The agreement would have limited Kenya from collecting taxes from tech giants such as Google, Facebook and Amazon.
A report by the Organisation for Economic Cooperation and Development (OECD), indicated that Kenya was missing from the list of 136 countries that supported the agreement by Biden.
Kenya was uncomfortable with clauses in the agreement that would have forced the taxman to cut the digital services tax on 1.5 per cent of sales.
Nairobi stated that backing the agreement would also put at risk the collection of other taxes from multinational companies that have set bases in the country.
The proposed 15 per cent tax on multinational companies was an essential step in controlling corporate tax avoidance.
The deal was hailed for having the potential to curb tax avoidance by corporations that move their operations to countries with lower tax rates to avoid paying taxes.
Countries that signed the agreement are obliged to withdraw their unilateral measures such as digital services tax which Kenya introduced in January 2021, and similar measures imposed on non-resident companies which do not have a physical presence in the market jurisdiction.

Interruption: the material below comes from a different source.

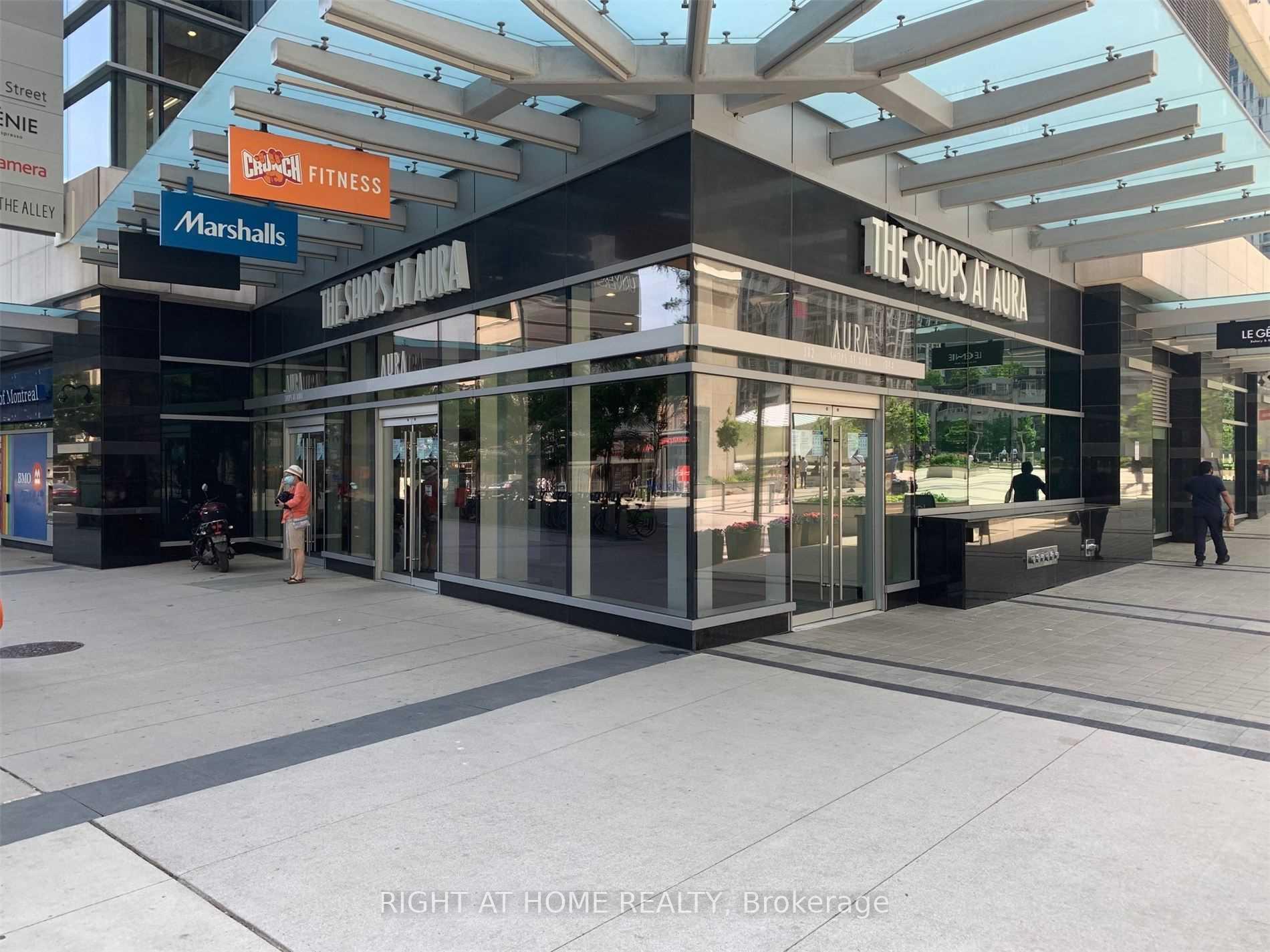 3 - 384 Yonge Street Toronto Ontario Canada Lease commercial Elena Bajenova Right at Home Realty, Brokerage*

The taxman stated that they expect to collect up to Ksh13.9 billion in revenue in the next three years from the digital tax and supporting the proposal would have hindered collecting other taxes from multinational companies.
Kenya, Nigeria and Algeria are among the African giant economies that are yet to back the deal.
This comes as President Biden is expected to hold talks with President Kenyatta in Washington on Thursday, October 14.
The meeting at the White House will mark Biden’s first as president with an African Head of State.